_The problem_.
Copy exactly the line that contains "Kaithal Fort" plus all remaining lines of the data, and leave out every line before it.

_Supplied material_.
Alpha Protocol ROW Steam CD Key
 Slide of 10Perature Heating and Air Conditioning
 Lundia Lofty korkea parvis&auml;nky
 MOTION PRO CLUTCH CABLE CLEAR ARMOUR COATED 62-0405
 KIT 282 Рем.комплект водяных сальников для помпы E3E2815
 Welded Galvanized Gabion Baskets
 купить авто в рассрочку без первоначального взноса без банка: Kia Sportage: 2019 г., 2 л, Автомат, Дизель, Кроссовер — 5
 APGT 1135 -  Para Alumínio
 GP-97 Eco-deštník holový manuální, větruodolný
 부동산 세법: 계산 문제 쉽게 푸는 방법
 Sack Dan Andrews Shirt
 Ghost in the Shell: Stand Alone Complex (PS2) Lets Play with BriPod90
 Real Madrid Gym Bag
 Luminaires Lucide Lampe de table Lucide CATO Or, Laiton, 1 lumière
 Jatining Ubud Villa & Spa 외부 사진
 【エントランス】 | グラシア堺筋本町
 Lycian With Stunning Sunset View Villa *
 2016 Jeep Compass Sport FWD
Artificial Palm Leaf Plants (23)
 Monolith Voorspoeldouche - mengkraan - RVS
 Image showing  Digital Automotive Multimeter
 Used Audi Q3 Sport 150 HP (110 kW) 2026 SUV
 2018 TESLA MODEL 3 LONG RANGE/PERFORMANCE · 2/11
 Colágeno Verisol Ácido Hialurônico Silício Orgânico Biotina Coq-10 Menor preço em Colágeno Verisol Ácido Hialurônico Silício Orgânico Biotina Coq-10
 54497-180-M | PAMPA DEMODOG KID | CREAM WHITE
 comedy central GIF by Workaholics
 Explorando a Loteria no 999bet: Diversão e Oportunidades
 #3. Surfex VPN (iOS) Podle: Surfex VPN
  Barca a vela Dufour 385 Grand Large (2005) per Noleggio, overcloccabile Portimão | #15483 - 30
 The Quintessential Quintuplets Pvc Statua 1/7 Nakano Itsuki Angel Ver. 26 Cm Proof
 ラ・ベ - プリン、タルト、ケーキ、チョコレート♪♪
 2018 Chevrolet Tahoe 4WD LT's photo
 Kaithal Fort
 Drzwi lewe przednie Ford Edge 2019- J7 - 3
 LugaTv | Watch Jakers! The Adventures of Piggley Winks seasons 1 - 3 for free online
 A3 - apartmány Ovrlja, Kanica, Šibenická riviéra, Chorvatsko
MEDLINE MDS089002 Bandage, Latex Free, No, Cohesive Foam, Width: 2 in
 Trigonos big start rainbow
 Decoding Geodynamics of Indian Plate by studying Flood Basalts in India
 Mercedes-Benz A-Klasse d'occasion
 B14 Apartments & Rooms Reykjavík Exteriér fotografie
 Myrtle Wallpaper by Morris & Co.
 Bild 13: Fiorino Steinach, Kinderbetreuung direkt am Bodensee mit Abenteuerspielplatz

_Exercise output_.
 Kaithal Fort
 Drzwi lewe przednie Ford Edge 2019- J7 - 3
 LugaTv | Watch Jakers! The Adventures of Piggley Winks seasons 1 - 3 for free online
 A3 - apartmány Ovrlja, Kanica, Šibenická riviéra, Chorvatsko
MEDLINE MDS089002 Bandage, Latex Free, No, Cohesive Foam, Width: 2 in
 Trigonos big start rainbow
 Decoding Geodynamics of Indian Plate by studying Flood Basalts in India
 Mercedes-Benz A-Klasse d'occasion
 B14 Apartments & Rooms Reykjavík Exteriér fotografie
 Myrtle Wallpaper by Morris & Co.
 Bild 13: Fiorino Steinach, Kinderbetreuung direkt am Bodensee mit Abenteuerspielplatz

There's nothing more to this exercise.